Recuerdo cuando empezó a
hablarse de Europa como un proyecto que evitara nuevas guerras. Unos
gobernantes decididos, Adenauer, Schuman, Spaak y De Gasperi, dieron vida a
diversos tratados que ligaban a sus estados en asuntos concretos: el carbón y
el acero, la energía atómica, etc. y en 1957 se firmó el Tratado de Roma y se
creó el mercado común.
España solicitó su ingreso
en 1962, que no fue aceptado por carecer
de un régimen democrático y muchos españoles jóvenes lamentamos nuestra
marginación de un proyecto ilusionante. En nuestro periodo de transición Adolfo
Suárez volvió a solicitar el ingreso en 1977 y tras un periodo larguísimo de
negociaciones entró en la Unión Europea en 1985.
Desde que comenzó a
gestarse Europa como mercado común hasta nuestro ingreso habían ocurrido muchas
cosas, alguna tan grave como las revueltas de mayo de 1968, que introdujeron la
modificación de nuestras costumbres sociales y junto con la difusión de los
métodos anticonceptivos, un rechazo de los valores familiares y del cristianismo
que los sustentaba.
Se fue pasando de una
Europa de los estados a una unión europea en la que los estados empezaron a
ceder parte de su soberanía y en 1993 el tratado de la Unión Europea, firmado
en Maastricht, dió paso al sistema actual en el que se consolida un gobierno y
un parlamento para toda la Unión, cuyas decisiones son de obligado
cumplimiento.
El Tratado de Maastricht
elimina cualquier referencia a las raíces cristianas de Europa e impone desde
una mentalidad totalitaria, de la que no se puede disentir so pena de ser
demonizado, no la revolución comunista que había caído en el 1989, sino la
lenta introducción de nuevos derechos, como el aborto o la aceptación de
diversos tipos de familia, que en realidad representan su desaparición.

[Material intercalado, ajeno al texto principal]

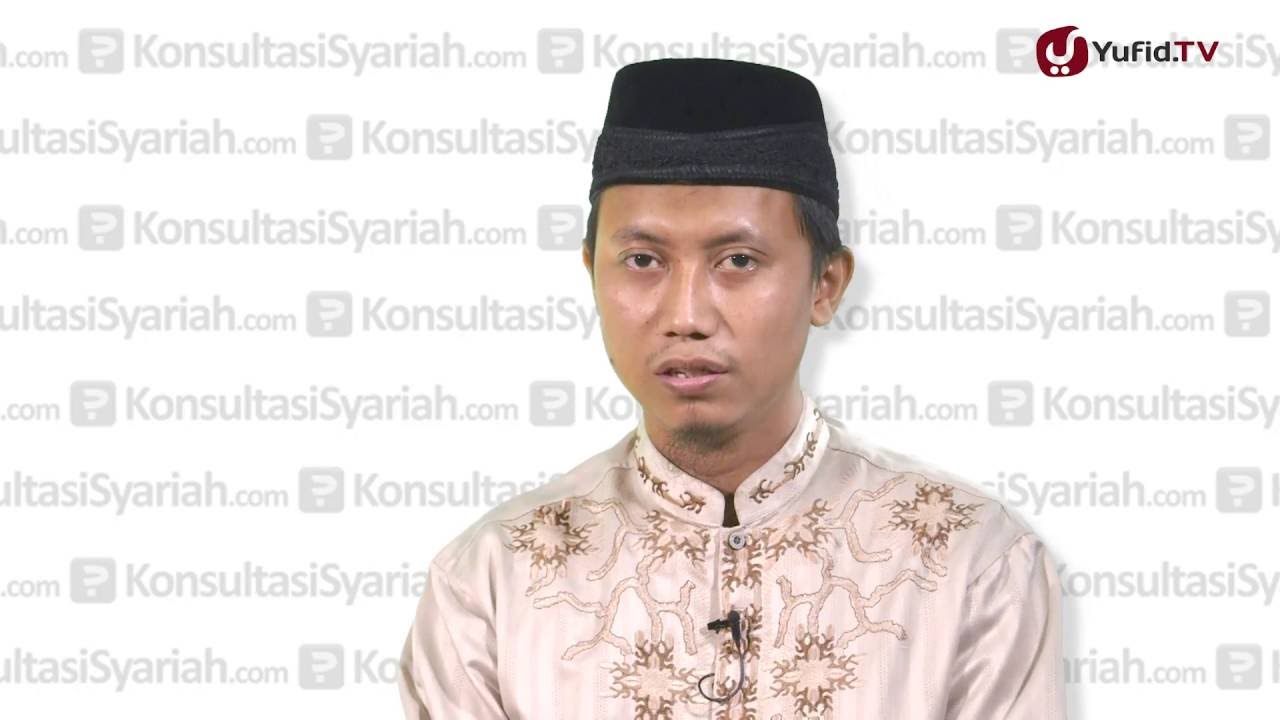 Konsultasi Syariah: Zakat Mobil dan Rumah - Ustadz Ammi Nur Baits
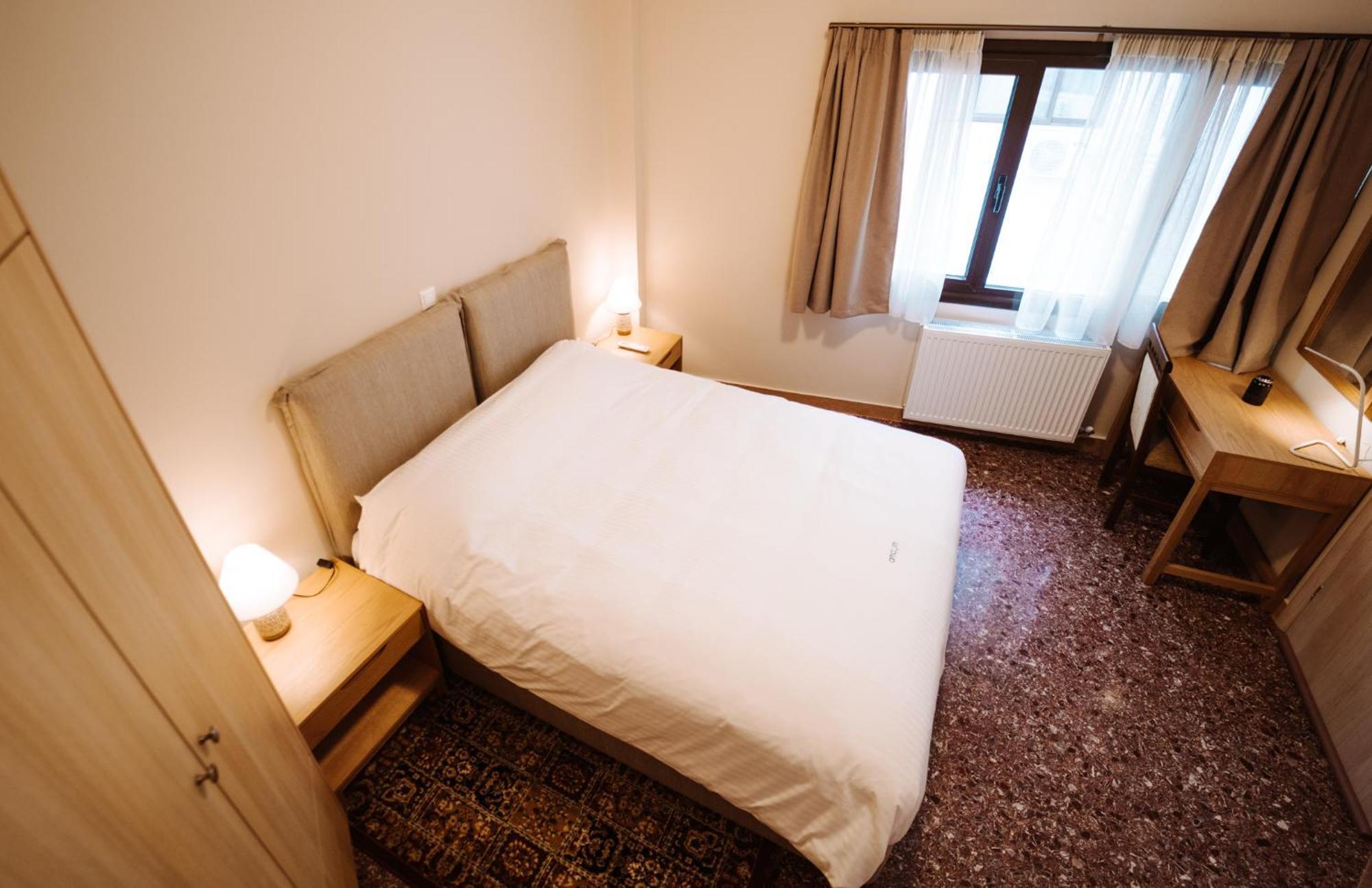 Luxury Apartment In Plaka - Acropolis Athene Buitenkant foto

Los estados como Hungría o Polonia que no
están dispuestos a abandonar sus propios valores son atacados sin
contemplaciones, como “extrema derecha”.
En España un decidido seguidor de los nuevos valores y los nuevos
derechos fue Rodríguez Zapatero, pero su sucesor Mariano Rajoy, olvidando lo
que prometió en su propios programa, ha aceptado y mantenido las leyes de
Zapatero, no sé si por presiones políticas o por un cambio de sus convicciones,
si las tuvo.
Al mismo tiempo se impone
la obligación de abrir las fronteras al islam que, si bien resulta un
multiculturalismo imposible, sirve para expulsar al cristianismo de la plaza
pública y reducir cada vez más su papel inspirador de valores. Los inspiradores
de la Unión Europea ven la cultura cristiana como un obstáculo a sus
objetivos de lograr una libertad sexual
expansiva y la eliminación de la familia tradicional.
Los resultados e esta
política están a la vista: caída en picado de la natalidad y la nupcialidad, un
envejecimiento progresivamente acelerado de la población y una juventud sin
referencias históricas ni culturales que cree tener derecho a toda y no estar
obligado a nada.
La disminución de la
población es un viejo sueño maltusiano para salvar el planeta. La ecología se
presenta como el nuevo valor a defender y el cuidado de las mascotas va
sustituyendo rápidamente al cuidado de los niños.
La Europa de las naciones
y los valores cristianos se ha hundido, pero la Europa que la ha sustituido
marcha también hacia el fracaso. Todo es cuestión de tiempo si continuamos
gobernados por esa nube de burócratas amaestrados desde Bruselas.